When we got there, we found the hill we wanted to hit covered in GPX’s and TDI’s. Those machines are much more expensive than my DFX, and designed using a different detection mechanism to work best in this highly mineralized red clay. Jim and I went down to the base of the hill, and both started picking up some more lead. After a time, I heard a guy up on that hill saying that he just pulled an Union Eagle "I" infantry button. Well, despite the number of dug holes up there, if there are still finds that’s where I want to be. So I meandered my way up to the crest of that little hill overlooking the pond.
The signal itself wasn’t even very good. I would find out that several pieces of iron in and around the hole were masking the target underneath. Using a VLF detector at DIV, you learn to dig the worst little blips, and this was certainly a better signal than some others that produced bullets. I dug, hoping for another piece of lead, but what I saw when I moved the clay was gorgeous green brass, and I knew right away what it was. What I was looking at in the bottom of the hole, just a few inches deep in a field riddled with dig holes, was the back of a tongue from a tongue and wreath buckle. I let out an exclamation not suitable for polite company.
A tongue and wreath buckle is a two part buckle, consisting of the "tongue" half and the "wreath" half. Each half connects to one end of a belt with a loop. The solid circle tongue fits inside the open circle wreath, forming one piece and keeping the belt closed. What I was looking at was my very first Civil War belt buckle.
October button find here in Saxapahaw, is the Virginia state seal. I repeated my exclamation.
This particular buckle would have been worn by a Virginia Officer on his sword belt. In fact, here is a replica of a belt buckle with an identical tongue. The buckle that reproduction was made from was worn by General Robert E. Lee himself.

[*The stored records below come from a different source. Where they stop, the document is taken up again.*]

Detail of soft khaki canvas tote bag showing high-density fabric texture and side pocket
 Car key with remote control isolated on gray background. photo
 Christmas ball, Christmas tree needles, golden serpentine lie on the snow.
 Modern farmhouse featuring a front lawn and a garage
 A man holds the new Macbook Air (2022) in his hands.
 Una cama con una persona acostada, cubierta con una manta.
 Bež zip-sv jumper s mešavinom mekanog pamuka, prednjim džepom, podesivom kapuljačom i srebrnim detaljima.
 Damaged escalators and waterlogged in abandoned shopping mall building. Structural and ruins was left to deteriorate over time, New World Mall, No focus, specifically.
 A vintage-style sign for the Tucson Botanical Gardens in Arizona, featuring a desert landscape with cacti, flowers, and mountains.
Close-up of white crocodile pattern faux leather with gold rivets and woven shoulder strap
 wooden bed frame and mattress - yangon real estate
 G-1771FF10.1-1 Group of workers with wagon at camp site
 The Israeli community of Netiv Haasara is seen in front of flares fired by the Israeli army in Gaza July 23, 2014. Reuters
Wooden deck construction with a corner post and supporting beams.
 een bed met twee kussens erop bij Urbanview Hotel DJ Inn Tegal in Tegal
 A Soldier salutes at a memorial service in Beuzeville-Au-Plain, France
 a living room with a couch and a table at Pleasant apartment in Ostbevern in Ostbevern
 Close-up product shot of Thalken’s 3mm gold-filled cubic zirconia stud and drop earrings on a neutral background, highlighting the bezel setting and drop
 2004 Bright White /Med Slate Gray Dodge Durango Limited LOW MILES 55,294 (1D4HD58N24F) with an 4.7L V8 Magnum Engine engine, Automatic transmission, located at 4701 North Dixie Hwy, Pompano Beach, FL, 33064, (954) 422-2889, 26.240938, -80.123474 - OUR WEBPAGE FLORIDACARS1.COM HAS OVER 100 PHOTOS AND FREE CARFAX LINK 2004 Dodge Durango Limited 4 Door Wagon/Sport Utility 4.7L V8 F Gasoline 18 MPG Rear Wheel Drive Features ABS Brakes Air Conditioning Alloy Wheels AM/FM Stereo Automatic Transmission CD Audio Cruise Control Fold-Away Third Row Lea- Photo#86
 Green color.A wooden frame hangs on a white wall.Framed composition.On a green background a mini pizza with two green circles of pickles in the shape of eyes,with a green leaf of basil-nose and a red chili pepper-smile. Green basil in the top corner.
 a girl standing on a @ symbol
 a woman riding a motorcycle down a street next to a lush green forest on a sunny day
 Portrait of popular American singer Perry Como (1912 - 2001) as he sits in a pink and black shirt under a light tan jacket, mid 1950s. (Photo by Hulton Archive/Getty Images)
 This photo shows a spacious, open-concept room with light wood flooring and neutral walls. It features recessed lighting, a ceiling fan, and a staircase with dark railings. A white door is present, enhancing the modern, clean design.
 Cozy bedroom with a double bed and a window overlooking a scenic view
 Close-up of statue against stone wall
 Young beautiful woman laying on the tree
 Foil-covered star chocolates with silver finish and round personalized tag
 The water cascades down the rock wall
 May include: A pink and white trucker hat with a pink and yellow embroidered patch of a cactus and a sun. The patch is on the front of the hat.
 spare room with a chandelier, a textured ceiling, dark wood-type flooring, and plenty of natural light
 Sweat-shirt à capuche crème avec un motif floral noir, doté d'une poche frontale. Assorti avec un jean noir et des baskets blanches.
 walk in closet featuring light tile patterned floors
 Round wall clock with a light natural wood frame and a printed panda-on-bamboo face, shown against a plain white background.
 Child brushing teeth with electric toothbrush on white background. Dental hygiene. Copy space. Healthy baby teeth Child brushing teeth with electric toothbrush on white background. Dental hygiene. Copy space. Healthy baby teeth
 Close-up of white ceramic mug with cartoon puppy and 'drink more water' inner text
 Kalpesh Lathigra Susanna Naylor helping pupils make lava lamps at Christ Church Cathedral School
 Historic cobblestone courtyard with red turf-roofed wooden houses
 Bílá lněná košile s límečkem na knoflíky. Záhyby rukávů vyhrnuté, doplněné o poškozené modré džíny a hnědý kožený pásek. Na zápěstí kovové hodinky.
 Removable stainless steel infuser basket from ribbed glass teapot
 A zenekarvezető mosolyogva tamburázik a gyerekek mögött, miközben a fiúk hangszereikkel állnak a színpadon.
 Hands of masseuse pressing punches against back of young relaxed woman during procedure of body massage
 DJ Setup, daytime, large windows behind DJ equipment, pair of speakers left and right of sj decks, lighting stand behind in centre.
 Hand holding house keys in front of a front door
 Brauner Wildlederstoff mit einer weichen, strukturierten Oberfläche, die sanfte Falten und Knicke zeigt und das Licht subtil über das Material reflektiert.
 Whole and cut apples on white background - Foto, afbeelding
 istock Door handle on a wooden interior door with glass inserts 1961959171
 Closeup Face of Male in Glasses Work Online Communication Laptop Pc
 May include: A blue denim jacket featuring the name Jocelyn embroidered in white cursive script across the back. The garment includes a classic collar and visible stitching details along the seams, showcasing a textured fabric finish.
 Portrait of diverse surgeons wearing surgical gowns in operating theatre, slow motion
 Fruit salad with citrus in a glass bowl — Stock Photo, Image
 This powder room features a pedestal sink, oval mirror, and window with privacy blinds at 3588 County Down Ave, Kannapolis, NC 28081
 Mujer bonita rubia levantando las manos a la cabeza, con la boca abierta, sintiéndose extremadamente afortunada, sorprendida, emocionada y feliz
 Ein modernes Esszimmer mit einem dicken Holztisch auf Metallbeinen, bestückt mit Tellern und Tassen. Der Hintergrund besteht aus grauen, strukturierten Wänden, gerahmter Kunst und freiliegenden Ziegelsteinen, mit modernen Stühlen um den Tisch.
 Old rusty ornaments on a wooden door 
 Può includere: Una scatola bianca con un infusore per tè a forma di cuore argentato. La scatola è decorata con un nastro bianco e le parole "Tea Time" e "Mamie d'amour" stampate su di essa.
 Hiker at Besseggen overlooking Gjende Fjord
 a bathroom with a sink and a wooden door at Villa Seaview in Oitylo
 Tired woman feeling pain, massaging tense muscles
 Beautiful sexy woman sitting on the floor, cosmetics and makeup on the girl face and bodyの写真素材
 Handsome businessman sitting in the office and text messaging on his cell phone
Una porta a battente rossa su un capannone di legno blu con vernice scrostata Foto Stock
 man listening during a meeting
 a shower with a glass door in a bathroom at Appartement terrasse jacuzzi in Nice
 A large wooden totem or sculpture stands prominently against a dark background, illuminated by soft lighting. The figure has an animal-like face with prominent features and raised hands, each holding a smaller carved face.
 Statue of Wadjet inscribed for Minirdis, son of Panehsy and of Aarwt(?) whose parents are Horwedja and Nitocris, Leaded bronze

Another gentleman called over to see what I’d found. I wanted to speak, but no words came. My heart raced, my breathing was erratic. I walked over, the buckle in my outstretched hand. I dropped to my knees, and sat down. I was shaking. It was an overwhelming experience like no other. Before too long there was a crowd, and several of the hunt organizers came to photograph the find. (It’s worth noting that my hunting partner used the lull in detecting activity to clean up on bullets!)
As if that wasn’t enough, here’s where it gets really cool. Out of the crowd, another digger (Greg) walks up and asks to see the tongue. Then he pulled out a small piece of brass, and laid it next to the broken loop on my buckle – a perfect fit. He had dug it earlier in the morning on that same hill. I asked him how much he wanted for it, and he told me they deserved to be together, and I could have it. What a guy!! I tried to pay for it, but he insisted. I will still find some way to do something for him though; he deserved it for that kind of generosity. Unfortunately the wreath was never recovered, and may still be sitting up on that hill.
The buckle was the talk of DIV on day 1, and news of the find had reached my carpool at the other end of the property even before I did. It was voted to the top banner of both the TreasureNet Forum and JustGoDetecting Forum in less than 24 hours. The buckle received a mention on The Relic Roundup radio show, and was photographed to appear in both American Digger Magazine and North South Trader Magazine. I would consider it one of the top three relics of the entire hunt (the others being a Confederate sword hilt and a complete two-piece "CS" buckle). DIV founder John Kendrick later referred to the Virginia tongue as "the top find of the hunt".
I am truly blessed beyond what I deserve, and give thanks to God for this find of a lifetime. I hope you enjoyed the story and pictures. Now I'm back home to look for more history right here in Saxapahaw!